The Iranian ideas of using ground attacks and blockades to destroy Israel will inform Iranian strategy in the coming years, regardless of Tehran’s ability to execute its concepts at a meaningful scale. Iranian officials at multiple echelons envision using this combination of ground campaigns and economic pressure to collapse Israel—possibly over many years rather than suddenly. Iran and its partner and proxy forces currently do not have all the capabilities or forces needed for an such an offensive, nor will they have those means any time soon. But wholly ignoring Iran’s stated ambitions because they are not immediately feasible risks another strategic surprise possibly more significant than the one that Hamas achieved in October 2023.

Iran’s new concepts will shape how Tehran expands and strengthens its Axis of Resistance throughout the Middle East and beyond. This effort will probably involve Iran trying to further entrench itself militarily around the Israeli periphery in Jordan, Lebanon, and Syria as well as the Gaza Strip and West Bank while giving Iranian partners and proxies more advanced drone and missile systems to threaten Israeli commercial interests. Iran could also further explore ways to project force into the Mediterranean Sea through Africa. Iran has tried in recent months to expand nascent security partnerships with several African countries, such as Niger and Sudan, both of which could facilitate Iranian access to the Mediterranean Sea by agreeing to host Iranian troops and/or weapons.[xv] Iranian attack drones based in northern Niger, for example, could range the entire western Mediterranean Sea if Niger agreed to host them.

The concepts that Iran is developing present serious challenges not just to Israel but also to the United States.
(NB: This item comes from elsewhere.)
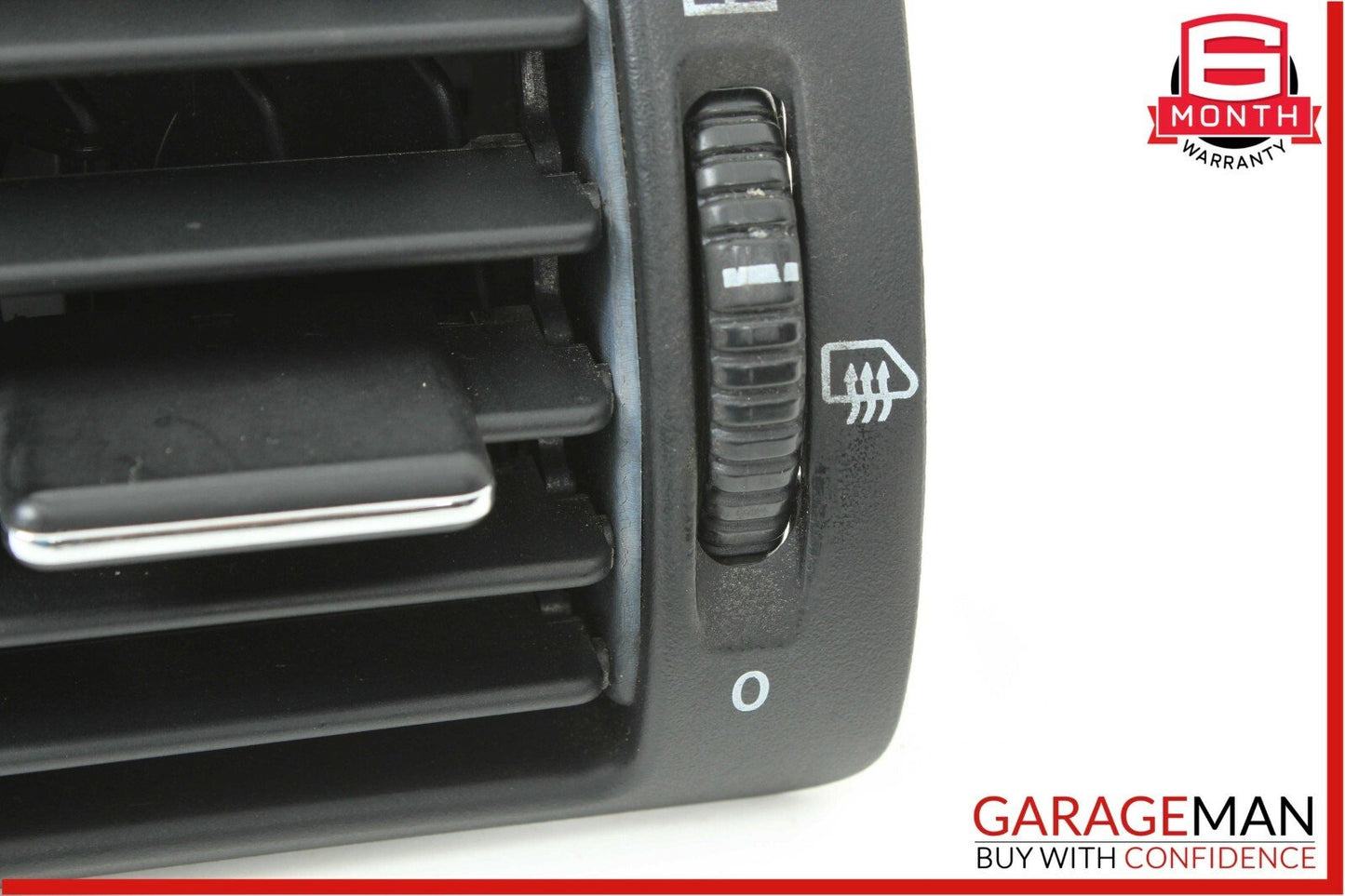 98-05 Mercedes W163 ML320 ML500 Front Left Dash A/C AC Air Vent Trim Panel Black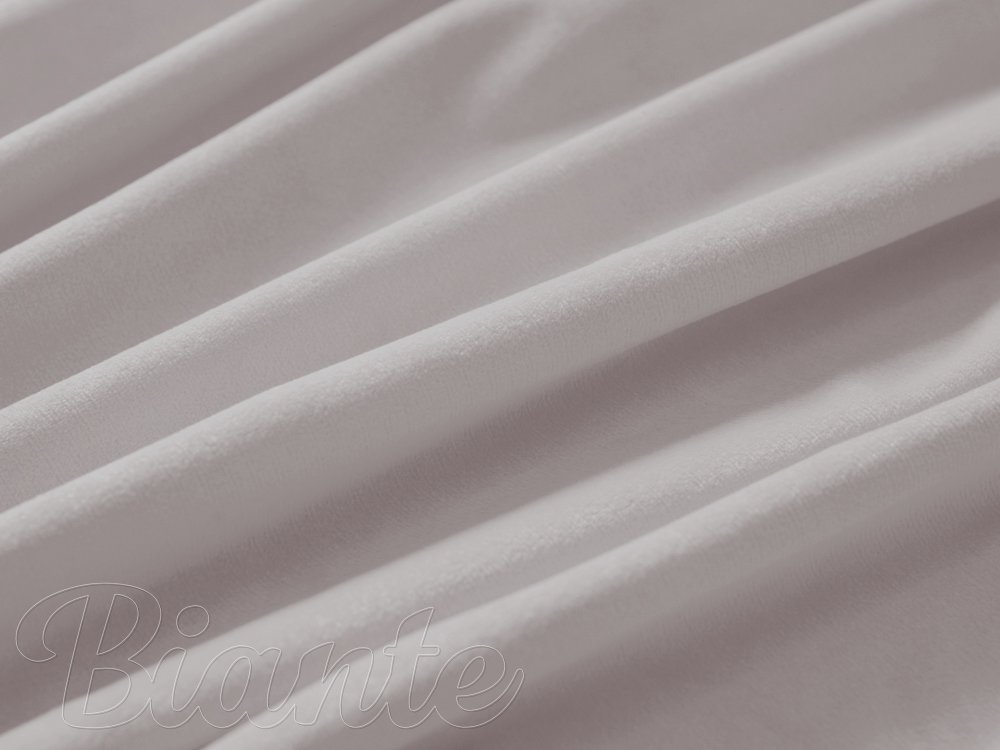 Sametová látka Velvet Premium SVP-018 Světle šedá - šířka 280 cm - detail 4 - Biante.cz Sametová látka Velvet Premium SVP-018 Světle šedá - šířka 280 cm - detail 4 - Biante.cz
This new Iranian thinking, on one hand, reflects a bolder Tehran that is increasingly aggressive and prepared to confront its principal adversaries in the region (the United States and Israel). This thinking, on the other hand, involves strengthening the Axis of Resistance, which will worsen the threat that Iran and its partner and proxy forces already pose to US interests in the Middle East. Senior Iranian officials remain just as committed to expelling American influence from the region as they are to destroying Israel. Tehran will inevitably turn its attention and resources back to the United States at some point even though Iranian strategists appear focused primarily on Israel for the moment.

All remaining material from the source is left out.